NEW YORK — On Sunday afternoon, in Manhattan’s bustling Chinatown, designer and curator Prem Krishnamurthy ’99 opened the doors to his latest project, a new gallery called P!.

The Broome Street gallery was launching its first show, “Process 01: Joy,” an exhibition that displays the works of artists Chauncey Hare, Christine Hill and Karel Martens. Krishnamurthy worked with New York-based architecture firm Leong Leong Architecture to design an exhibition space, ultimately named P!, that would enable him to experiment with different ways of presenting art and emphasize how presentation mediates the reception of art.

Krishnamurthy, who co-founded the design studio Project Projects in 2004, said he is particularly interested in public art and design works, having noticed a lack of a connection between private gallery art and the surrounding community.

“Most art galleries try to speak to a very narrow public,” he noted.

Krishnamurthy said he sought for the first exhibition at P! to “engage the neighborhood,” adding that it was no mistake that the exhibition descriptions are printed in English and Chinese.

Chris Leong, a partner at Leong Leong Architecture, said he hopes architects can to “play a larger role in public discourse.” In designing P!, Leong said the firm aimed to expand the relatively small space that they worked with to maximize its potential.

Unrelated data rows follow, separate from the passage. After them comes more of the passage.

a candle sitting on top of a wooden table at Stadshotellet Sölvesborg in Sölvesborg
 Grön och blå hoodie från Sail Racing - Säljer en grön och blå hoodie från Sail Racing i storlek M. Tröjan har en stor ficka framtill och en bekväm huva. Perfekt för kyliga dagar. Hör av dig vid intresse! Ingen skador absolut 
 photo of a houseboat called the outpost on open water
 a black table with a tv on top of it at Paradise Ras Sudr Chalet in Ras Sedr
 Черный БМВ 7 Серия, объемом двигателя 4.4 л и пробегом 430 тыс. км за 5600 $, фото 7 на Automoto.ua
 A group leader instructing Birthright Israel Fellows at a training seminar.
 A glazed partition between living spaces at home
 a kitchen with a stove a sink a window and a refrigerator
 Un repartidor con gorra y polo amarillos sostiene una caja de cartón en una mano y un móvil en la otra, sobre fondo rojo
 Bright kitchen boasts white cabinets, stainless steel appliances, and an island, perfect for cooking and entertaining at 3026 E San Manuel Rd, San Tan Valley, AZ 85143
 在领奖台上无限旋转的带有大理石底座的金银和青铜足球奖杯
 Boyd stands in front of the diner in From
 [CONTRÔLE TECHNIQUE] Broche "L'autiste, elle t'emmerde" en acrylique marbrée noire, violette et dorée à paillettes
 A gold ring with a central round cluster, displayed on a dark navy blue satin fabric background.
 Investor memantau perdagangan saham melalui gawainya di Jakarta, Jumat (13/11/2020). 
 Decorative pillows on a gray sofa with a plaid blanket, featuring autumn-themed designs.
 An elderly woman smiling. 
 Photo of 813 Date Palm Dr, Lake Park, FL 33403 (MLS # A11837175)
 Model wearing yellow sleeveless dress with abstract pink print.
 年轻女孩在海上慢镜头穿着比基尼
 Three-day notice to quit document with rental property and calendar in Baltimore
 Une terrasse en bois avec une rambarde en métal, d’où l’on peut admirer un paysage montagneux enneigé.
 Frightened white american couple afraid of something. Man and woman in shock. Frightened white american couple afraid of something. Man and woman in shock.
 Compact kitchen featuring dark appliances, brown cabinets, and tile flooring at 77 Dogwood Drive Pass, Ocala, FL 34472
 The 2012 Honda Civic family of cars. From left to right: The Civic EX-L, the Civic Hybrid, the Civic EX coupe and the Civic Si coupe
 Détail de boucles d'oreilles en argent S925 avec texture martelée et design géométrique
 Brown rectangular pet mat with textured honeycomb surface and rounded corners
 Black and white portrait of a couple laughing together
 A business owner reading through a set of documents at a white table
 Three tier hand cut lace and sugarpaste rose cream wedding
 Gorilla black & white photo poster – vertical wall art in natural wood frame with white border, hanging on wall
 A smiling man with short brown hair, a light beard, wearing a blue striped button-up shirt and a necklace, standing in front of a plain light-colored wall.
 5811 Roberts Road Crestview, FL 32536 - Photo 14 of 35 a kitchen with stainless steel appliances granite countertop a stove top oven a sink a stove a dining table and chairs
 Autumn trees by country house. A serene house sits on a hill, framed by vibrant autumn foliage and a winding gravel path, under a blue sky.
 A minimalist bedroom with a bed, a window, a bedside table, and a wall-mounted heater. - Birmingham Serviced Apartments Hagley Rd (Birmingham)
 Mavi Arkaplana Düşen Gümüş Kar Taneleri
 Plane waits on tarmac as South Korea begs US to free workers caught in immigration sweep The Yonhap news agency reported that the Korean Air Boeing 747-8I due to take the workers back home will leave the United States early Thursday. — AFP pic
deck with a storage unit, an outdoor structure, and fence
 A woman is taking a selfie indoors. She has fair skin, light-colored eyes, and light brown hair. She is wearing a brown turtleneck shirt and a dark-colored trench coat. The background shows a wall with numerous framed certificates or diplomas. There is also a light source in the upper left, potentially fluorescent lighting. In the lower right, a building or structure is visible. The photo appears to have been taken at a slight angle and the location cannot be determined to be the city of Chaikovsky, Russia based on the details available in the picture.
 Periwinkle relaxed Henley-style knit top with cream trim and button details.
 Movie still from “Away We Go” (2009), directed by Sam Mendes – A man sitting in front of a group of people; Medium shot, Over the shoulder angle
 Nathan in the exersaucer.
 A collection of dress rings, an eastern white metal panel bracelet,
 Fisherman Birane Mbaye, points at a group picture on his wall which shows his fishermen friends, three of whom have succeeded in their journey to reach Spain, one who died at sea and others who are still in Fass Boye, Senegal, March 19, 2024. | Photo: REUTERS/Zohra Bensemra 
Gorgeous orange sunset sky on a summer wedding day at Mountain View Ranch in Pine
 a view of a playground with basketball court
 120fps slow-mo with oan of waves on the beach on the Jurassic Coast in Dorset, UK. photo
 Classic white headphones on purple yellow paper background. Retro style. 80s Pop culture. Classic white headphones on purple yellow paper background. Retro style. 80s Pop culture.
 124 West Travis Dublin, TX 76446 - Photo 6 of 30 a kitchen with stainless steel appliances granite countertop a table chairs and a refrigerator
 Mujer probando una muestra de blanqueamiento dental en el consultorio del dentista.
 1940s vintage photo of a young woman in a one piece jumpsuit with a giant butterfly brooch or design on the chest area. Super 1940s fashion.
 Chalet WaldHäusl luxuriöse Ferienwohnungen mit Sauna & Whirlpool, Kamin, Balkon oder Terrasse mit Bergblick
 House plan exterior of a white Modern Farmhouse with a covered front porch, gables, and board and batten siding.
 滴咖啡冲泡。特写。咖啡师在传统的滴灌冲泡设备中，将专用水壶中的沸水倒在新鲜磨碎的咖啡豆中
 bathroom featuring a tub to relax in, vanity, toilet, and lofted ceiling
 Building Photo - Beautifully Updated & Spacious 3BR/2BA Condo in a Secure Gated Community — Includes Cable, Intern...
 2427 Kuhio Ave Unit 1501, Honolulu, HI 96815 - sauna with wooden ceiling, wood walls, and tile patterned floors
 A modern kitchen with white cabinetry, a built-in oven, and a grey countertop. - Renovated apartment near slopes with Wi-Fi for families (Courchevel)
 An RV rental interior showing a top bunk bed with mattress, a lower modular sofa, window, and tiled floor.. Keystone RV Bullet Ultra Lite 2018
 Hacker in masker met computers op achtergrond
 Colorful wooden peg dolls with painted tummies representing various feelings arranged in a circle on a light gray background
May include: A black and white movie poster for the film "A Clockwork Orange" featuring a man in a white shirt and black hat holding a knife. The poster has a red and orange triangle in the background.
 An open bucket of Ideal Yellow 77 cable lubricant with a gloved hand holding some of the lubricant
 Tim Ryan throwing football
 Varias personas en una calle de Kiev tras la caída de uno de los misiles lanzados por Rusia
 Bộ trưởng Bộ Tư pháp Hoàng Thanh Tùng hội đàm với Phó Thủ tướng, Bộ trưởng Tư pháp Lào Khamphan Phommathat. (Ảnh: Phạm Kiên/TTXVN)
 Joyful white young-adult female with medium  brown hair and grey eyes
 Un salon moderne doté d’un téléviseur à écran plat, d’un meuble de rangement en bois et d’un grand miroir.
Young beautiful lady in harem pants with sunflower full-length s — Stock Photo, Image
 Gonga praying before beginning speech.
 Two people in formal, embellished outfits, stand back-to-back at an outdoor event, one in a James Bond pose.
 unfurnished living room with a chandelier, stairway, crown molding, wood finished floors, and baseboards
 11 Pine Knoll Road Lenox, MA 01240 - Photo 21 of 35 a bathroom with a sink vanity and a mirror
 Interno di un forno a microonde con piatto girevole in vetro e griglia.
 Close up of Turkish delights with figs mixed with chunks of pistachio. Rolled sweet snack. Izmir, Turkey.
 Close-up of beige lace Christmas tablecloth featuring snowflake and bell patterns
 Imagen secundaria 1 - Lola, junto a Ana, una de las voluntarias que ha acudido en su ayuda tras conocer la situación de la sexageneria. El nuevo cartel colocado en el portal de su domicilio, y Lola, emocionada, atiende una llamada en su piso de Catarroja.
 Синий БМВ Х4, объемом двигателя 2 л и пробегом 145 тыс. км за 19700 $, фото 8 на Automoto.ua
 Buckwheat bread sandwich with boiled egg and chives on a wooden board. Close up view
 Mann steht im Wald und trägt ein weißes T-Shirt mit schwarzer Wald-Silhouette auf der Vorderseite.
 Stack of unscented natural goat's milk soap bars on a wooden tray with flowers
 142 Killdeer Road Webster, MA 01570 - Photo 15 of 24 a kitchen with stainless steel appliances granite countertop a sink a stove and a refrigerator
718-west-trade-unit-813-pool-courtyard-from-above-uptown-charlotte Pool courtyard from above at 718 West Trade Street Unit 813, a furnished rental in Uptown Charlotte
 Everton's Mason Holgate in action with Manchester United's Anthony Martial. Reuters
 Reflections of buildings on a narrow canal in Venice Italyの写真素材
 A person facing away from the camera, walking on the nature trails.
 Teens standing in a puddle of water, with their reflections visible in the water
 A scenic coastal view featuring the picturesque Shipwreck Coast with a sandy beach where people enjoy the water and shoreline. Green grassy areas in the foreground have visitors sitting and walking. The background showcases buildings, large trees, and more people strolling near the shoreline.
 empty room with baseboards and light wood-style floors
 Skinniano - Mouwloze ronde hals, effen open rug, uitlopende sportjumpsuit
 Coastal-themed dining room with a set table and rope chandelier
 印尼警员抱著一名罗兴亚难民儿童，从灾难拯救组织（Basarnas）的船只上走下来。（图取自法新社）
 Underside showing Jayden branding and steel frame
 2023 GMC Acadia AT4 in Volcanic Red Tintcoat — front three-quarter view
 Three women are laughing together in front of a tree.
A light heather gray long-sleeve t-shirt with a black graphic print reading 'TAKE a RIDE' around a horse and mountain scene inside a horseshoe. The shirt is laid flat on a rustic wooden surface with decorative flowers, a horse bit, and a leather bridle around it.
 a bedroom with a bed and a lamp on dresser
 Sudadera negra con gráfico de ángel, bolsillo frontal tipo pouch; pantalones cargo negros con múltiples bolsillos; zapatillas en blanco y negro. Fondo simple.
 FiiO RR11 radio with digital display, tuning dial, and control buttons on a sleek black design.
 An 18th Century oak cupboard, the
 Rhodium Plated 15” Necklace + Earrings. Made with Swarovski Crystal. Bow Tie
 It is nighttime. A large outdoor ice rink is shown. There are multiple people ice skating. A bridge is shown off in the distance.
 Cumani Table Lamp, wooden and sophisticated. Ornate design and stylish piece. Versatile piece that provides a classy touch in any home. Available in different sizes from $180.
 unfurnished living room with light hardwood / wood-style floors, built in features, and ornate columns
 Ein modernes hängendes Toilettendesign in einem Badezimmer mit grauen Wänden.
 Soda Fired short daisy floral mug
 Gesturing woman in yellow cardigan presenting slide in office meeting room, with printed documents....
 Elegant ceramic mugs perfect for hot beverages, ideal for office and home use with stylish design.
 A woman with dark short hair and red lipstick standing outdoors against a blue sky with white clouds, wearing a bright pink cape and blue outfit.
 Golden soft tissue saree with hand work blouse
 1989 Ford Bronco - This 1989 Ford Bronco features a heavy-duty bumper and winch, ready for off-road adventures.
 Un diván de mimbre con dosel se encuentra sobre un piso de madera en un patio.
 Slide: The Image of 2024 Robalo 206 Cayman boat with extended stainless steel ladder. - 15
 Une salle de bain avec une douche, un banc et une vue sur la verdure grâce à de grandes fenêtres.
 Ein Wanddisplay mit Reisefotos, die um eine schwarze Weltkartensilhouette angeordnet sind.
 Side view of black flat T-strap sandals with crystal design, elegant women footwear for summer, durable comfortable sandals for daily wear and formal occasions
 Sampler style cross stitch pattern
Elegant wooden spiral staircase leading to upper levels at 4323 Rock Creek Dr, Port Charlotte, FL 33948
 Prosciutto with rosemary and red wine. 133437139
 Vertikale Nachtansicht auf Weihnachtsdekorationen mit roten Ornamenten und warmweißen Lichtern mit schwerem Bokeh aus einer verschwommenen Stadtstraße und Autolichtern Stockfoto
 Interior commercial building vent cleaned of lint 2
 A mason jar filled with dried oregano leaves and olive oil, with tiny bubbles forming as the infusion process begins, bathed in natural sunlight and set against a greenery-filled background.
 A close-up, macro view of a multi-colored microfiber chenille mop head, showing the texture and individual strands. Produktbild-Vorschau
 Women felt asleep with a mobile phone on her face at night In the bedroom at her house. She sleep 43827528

In some projects, for instance, Leong has used reflection techniques that employ mirrors to increase the viewer’s perception of a room.

Christine Hill, one of the artists featured in the show, is known for the performative, revenue-generating nature of her works: the Brooklyn- and Berlin-based artist once devised a tour guide program for which she charged viewers $12 each.

For this exhibition, Hill created a “remote office” within the exhibition space, Krishnamurthy said, the operations of which engage local establishments. He pointed out a sign for “Henry’s Bookbinding” in the window of P! — Hill had taken a sign produced by the local business on Henry Street and created a new design for it. Krishnamurthy addedthat Henry’s Bookbinding was pleased with the design and offered to let the exhibition space keep the sign.

Hill’s works are simultaneously displayed as art and used to serve a purpose outside of the aesthetic realm, a characteristic that sets them apart from other exhibition art today, Krishnamurthy said.

Aside from exposing viewers to new, unique art forms, Krishnamurthy said, another major objective of the exhibition was to focus the audience’s attention toward the materials from which art is created and how those materials are treated with meticulous care by the artists. Krishnamurthy called this concept the “love of the making of things.”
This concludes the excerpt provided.